The Divide

Richard Keeling
The Story Hall
Published in
3 min readMar 10, 2017
Graves at the Church of Sophia, East Berlin, by Thomas Struth. St. Louis Art Museum.

I find it fitting that a photograph I use to illustrate a concern of mine represents a city that was split in two. This photograph of Berlin dates back to 1992, two years after the reunification of Germany and acts as a commentary on that divide. Scenes such as this were denied to Western photographers in the years of the Cold War.

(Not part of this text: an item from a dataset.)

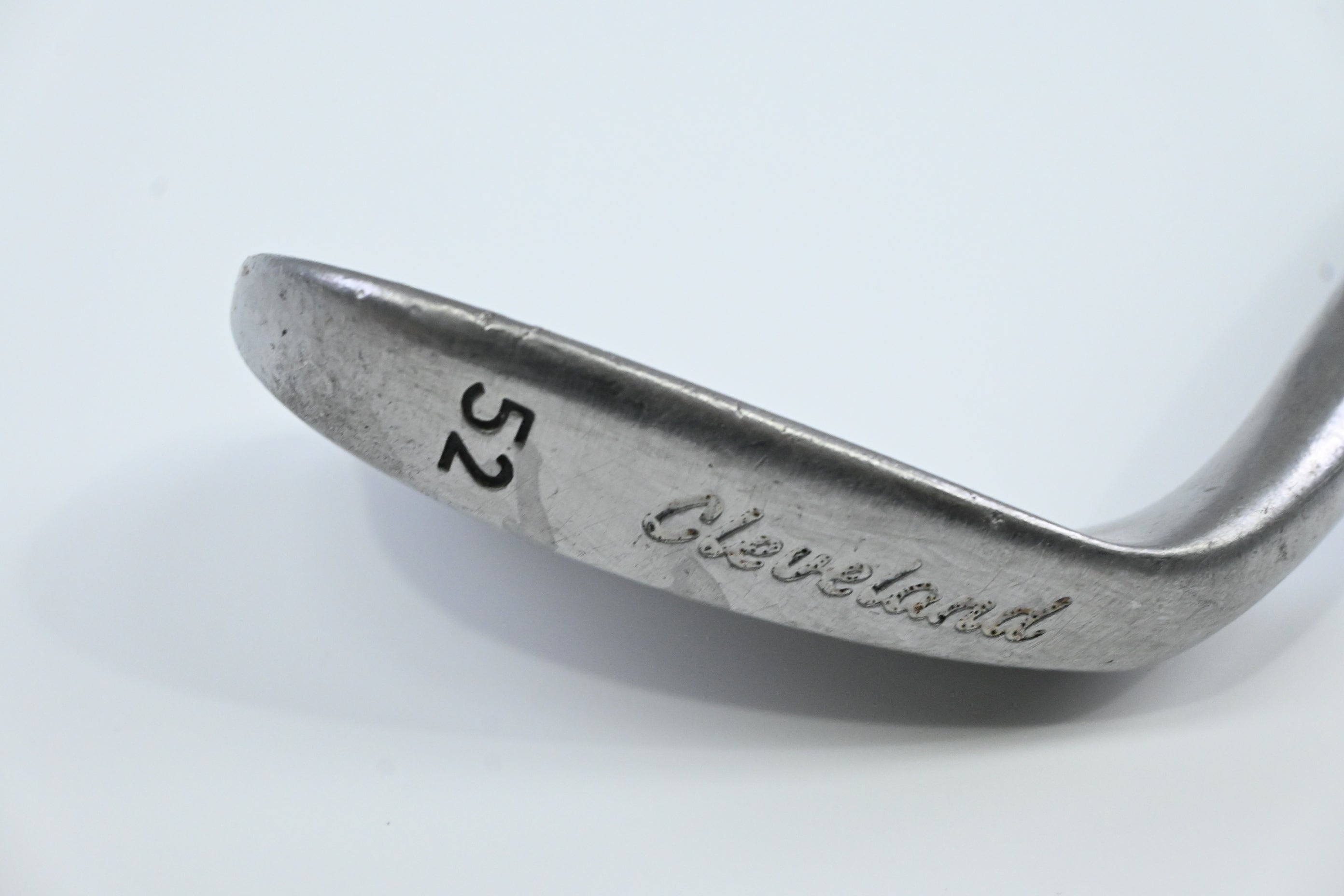 Cleveland CG10 Gap Wedge / 52 Degree / Wedge Flex Steel Shaft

It’s a strange photograph. I found it today hanging on the wall of a modern art gallery in the St. Louis Art Museum. On the surface, it seems little more than a snapshot. I would very surprised if it, entered in the St. Louis Photography Club competition, made the final 100 (out of 400) entries. My entry into that show, a pretty but essentially a jigsaw or chocolate box cover, did get into that final.

Forest Park in Autumn

As I say, it’s a pretty picture. But I would not call it great art, and I would never expect to find it hanging on the wall of an art museum.

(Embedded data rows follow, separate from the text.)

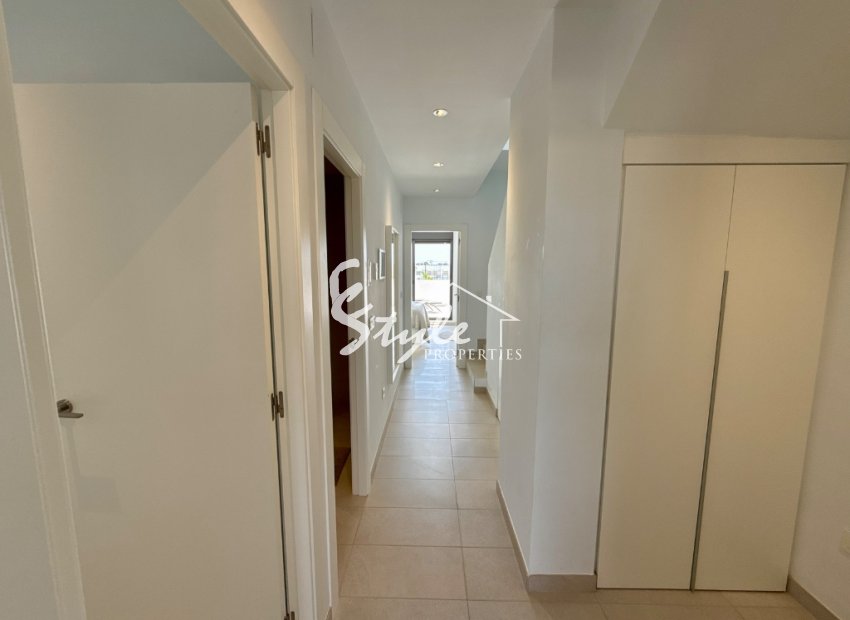 Resale - Apartamento - Pilar de la Horadada - Mil Palmeras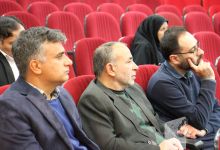 گزارش تصویری مراسم هفته پژوهش 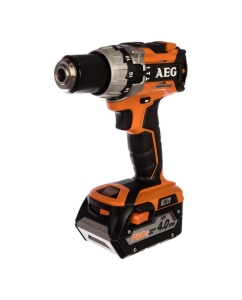 Купить Бесщеточная дрель-шуруповерт AEG BSB18C2BL LI-402C 4935464097  в E-mobi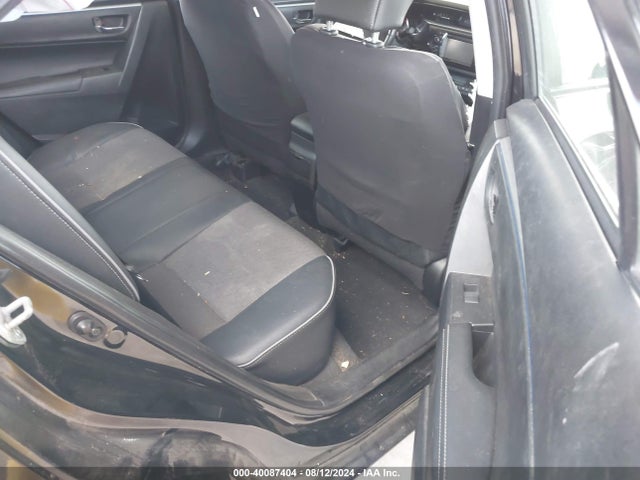 Toyota Corolla S Plus 2014 5YFBURHE2EP102334 Image 8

This is the divide that concerns me. Many photographers I come across make technically highly proficient images, images that in many cases fulfill the conventional aesthetics of what make for a beautiful picture, yet, again, these photographs are not great art.

Why is this?

Ultimately, it is always about context. Most photographers, including myself, are content to follow conventional paths. Sunrises, sunsets, seascapes, landscapes, portraits of beautiful women, still lives of pretty things — subjects that work to make for an attractive image. An attractive image that, in most cases, is context irrelevant.

What do I mean by that?

I mean these pictures fail to provide any sort of context beyond the simple surface attraction of the photograph. There is no commentary. You could swap out and replace the subject, landscape, person- whatever - and end up with essentially exactly the same end result.

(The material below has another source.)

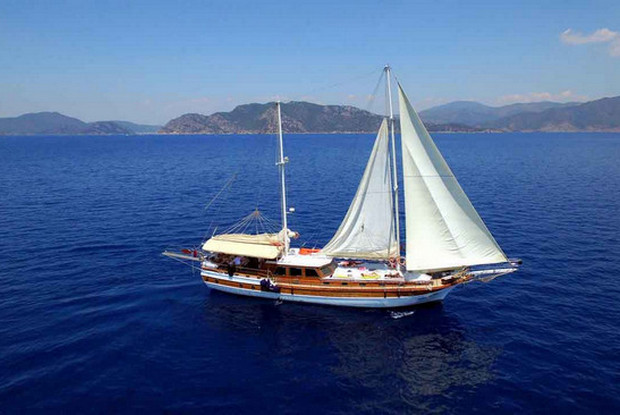 M/S Perla Del Mar I, Marmaris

Great art works differently. It is intensely concerned with the moment, and better it comes to capturing a moment, the better the art becomes. That’s why the Struth photograph, deliberately set in a specific time and with a specific mood that reflects or comments on that time, is hanging in the St. Louis Art Museum.

It’s ironic, really. Photography on the surface is always about capturing the moment. For some photographers, Cartier-Bresson for example, that ‘decisive moment’ is ultimate goal. Yet very few of us really do it. What we do instead is capture a faux-moment, a readily recognizable frame, that appeals to generalities and not to specifics.

I feel this intensely. It’s the reason why I find so much photography to be empty of meaning. Including much of my own. I’m trying to change this, to look for photographs that embrace context. Even if that context makes little or no sense without some real work by the viewer. Photographers who are acutely aware of how their work comments on the world around them appeal to me enormously, perhaps my favorite being Cindy Sherman.

I’ll never aspire to that level of artistry. But I am aware of it as a goal. What distresses me is how so few of my fellow photographers seem aware at all of these concepts. Is it really that hard?